The deal accepted by Circuit Judge Dennis Craig during a Jan. 22 hearing will allow Maria Howell, now 20, to spend 18 months in prison rather than the 15 years she would have faced otherwise. Under the terms of the deal, the child molestation charge that would have carried a potential 15-year-sentence was dropped to child abuse. 

Howell pleaded no contest to the abuse charge.

Howell had met the 14-year-old victim on social media, taken the girl for a "date" at Epic Theatres in Palm Coast and then driven with her to Port St. Lucie, where local police officers found Howell and the teen together June 11, 2016, shortly after the teen's parents had reported her missing, according to a Flagler County Sheriff's Office arrest affidavit. Both Howell and the teen told deputies that Howell had engaged in sexual activity with the victim.

By the time Howell was arrested Jan. 7, 2017, in connection with the molestation case, she was on probation for other charges: On Aug. 24, 2016, she kicked a law enforcement officer while resisting arrest on a disorderly intoxication charge. In that case, she was again found in the company of an underage female runaway. 

And that wasn't the first such instance: in November 2015, Howell had been charged with contributing to the delinquency of a minor after she was found to have been in the company of a 15-year-old girl who'd gone missing from home for two days.

After Howell's 18 months in state prison, she'll spend 3.5 years on probation in connection with the child abuse charge and another five years on probation in connection with the battery on a law enforcement officer charge.

The acceptance of the plea deal was a change of course for Craig, who, during a previous hearing, had rejected an earlier proposed plea deal that did not include prison time for Howell. After the defense and the prosecution worked out the current plea deal with 18 months worth of prison time, Craig asked that the victim's mother provide her opinion of the deal, and, at the time, the mother opposed it.

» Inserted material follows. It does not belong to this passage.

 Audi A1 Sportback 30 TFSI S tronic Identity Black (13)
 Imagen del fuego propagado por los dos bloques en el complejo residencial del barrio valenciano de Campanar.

The case was set for trial.

But on the morning of Jan. 22, the victim's mother told Craig she'd changed her mind after the prosecution spoke with her and explained all of the terms of the plea deal. 

Howell will not be required to register as a sex offender after her release from prison, but she will be required to comply with standard sex offender probation requirements after her release: She won't be allowed to work or volunteer with kids, won't be allowed to live within 1,000 feet of a school or other place where children gather and will be required to undergo psychosexual evaluations.